So that being said, first day basically getting it wired up and set on the Dyno then couple of hours getting the car started (long story shortened.... engine getting gas has spark with compression will not fire.... total of about 10 mins on engine running actually drove it up on trailer the day before.... ended up being completely fouled plugs due to the ECM's mismanagement of fuel with the supercharger.
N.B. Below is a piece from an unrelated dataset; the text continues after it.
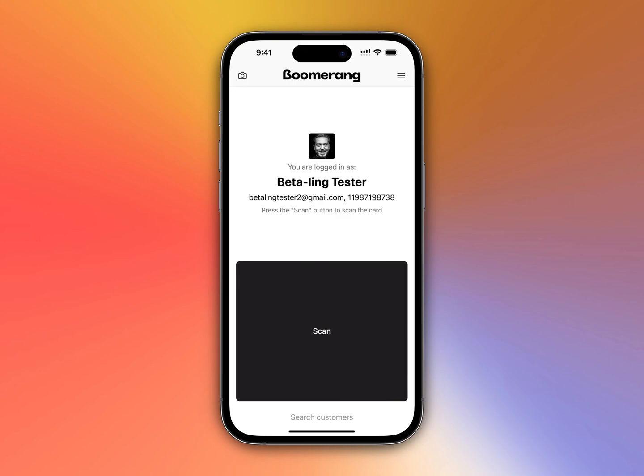So you asked us to add the ability to find customers not by scanning a card only, but also by filling in their personal data like names, phone numbers, or maybe the serial number of the cards. And right now it's available.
Engine was running but very poorly that was the reason for only 10 mins. on it did not want to trash it before the reflash and tune.) End of first day, engine running with HPTuners canned reflash and tune engine running but with a noticeable miss and making about 160HP. This is where the experience comes in (and it's not mine!) Bob the owner sits down and looks at all the grafts and basically says I don't like it and he points here and there and I shake my head up and down trying not to look too confused.
Day two begins with buying 2 credits from HPTuners and Bob reworking all the grafts and parameters - too rich here too lean there knock sensor between 3600-4100 (maybe false with the headers maybe not so enriched a couple of percent knock gone)
Nearly 8 hours countless runs on the Dyno (phone actually died a couple of hours into it not that they are good but couldn't upload videos anyway). We ended up with (Bob said he could live with this tune but after I run it for a little while he wanted to fine tune it some more).
This is the numbers at the wheels.....
- 221 HP
- 190 LBS of torque
- running 10LBS of boost
I put the car back on the trailer with my donors cars tires on the rear just so that it is a little narrower easier on and off the trailer. Of coarse when I got home I just couldn't drive it back down into my basement shop. So one hit down the road even with the small bald tires it hooked up and went "Holy Crap"... I'm looking forward to getting the real rear wheels on. (Of course I'm back on the road and it's snowing in Buffalo anyway so it's going to have to wait!)
 

TheNuker

Goblin Guru
Hey Bar-Air,

Looking very good! So excited to get mine running, I need that SC noise in my life.

One question, On that marine hose you used 1" ID hose right? Then you put 1.5" ID hose around the 2 sections that coupled together? Was the 1" hose not able to splice straight into the hose pulled through the frame and to the engine side?

I might go this same way as it looks so clean, Thank you.